Problem description
Below are some records. Retype exactly the lines from the one containing "830 18TH ST NE, Washington, DC 20002" through the one containing "2008 Malibu LT", both included, skipping every picture.

Records to process
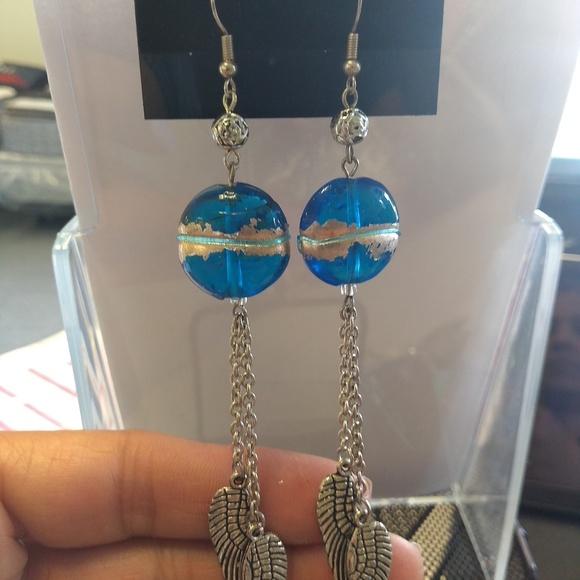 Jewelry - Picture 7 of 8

--

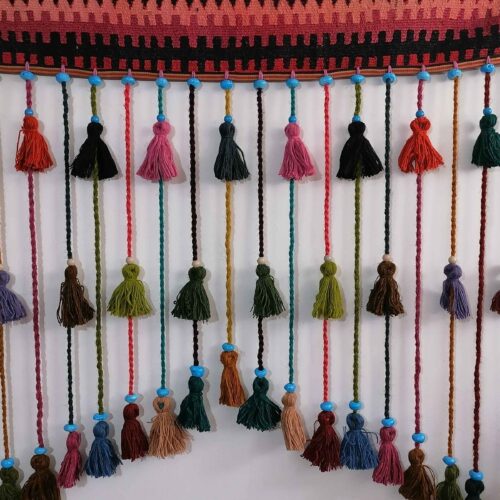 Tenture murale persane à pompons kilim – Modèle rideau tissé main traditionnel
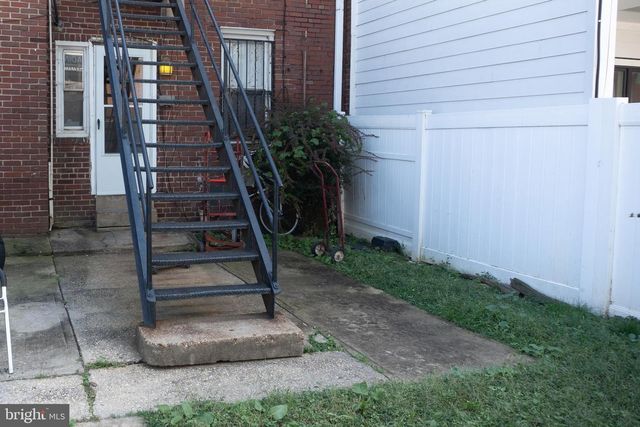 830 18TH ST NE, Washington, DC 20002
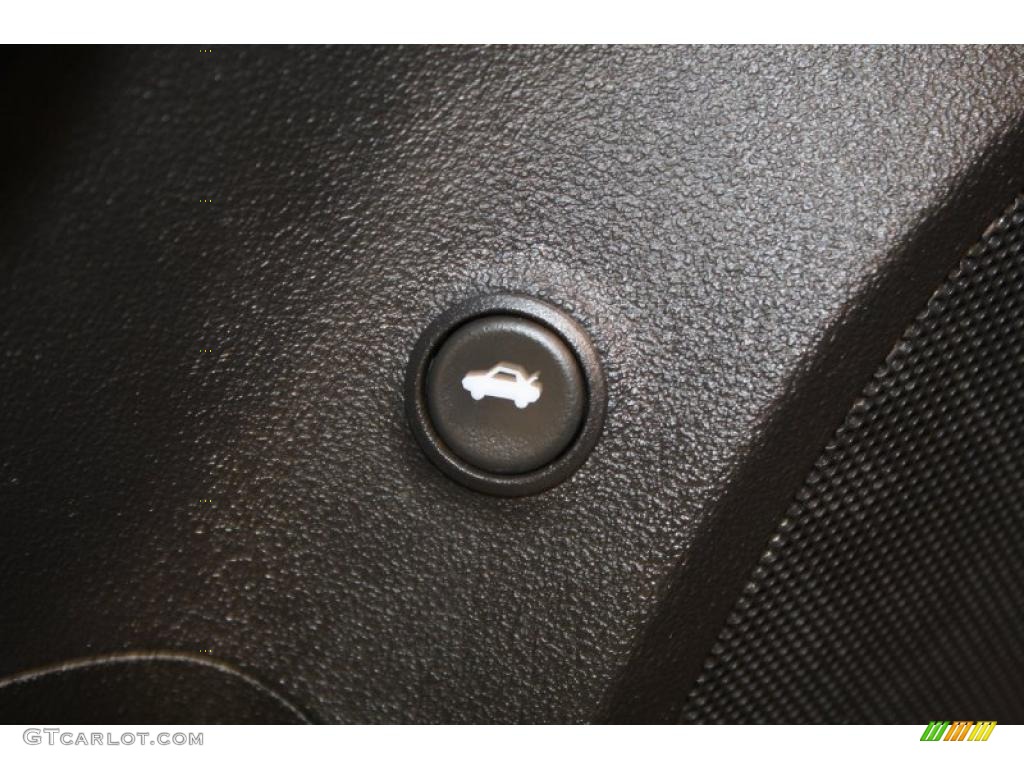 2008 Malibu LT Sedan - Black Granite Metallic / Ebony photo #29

==

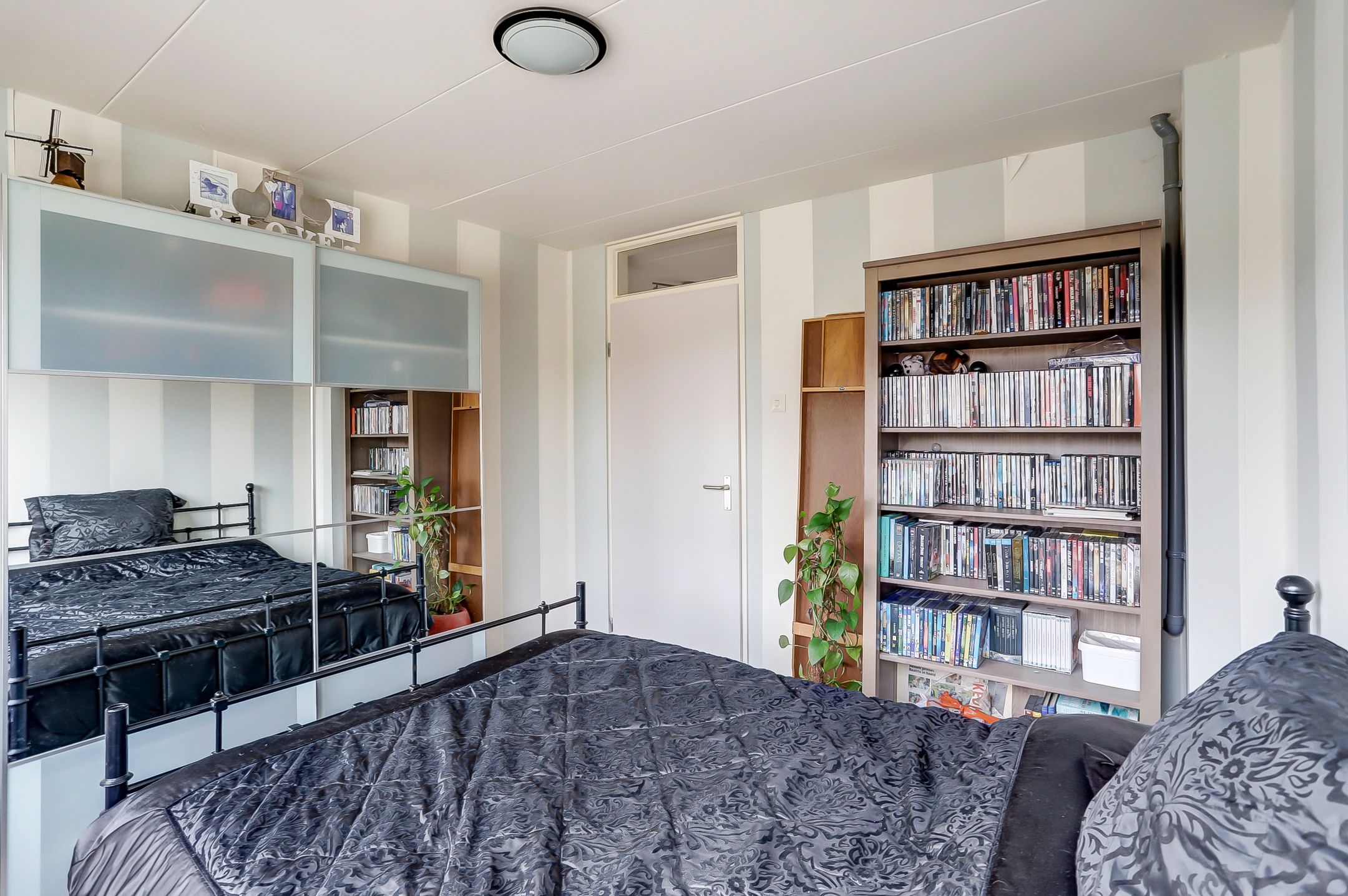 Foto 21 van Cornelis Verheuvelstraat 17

Result below
 830 18TH ST NE, Washington, DC 20002
 2008 Malibu LT Sedan - Black Granite Metallic / Ebony photo #29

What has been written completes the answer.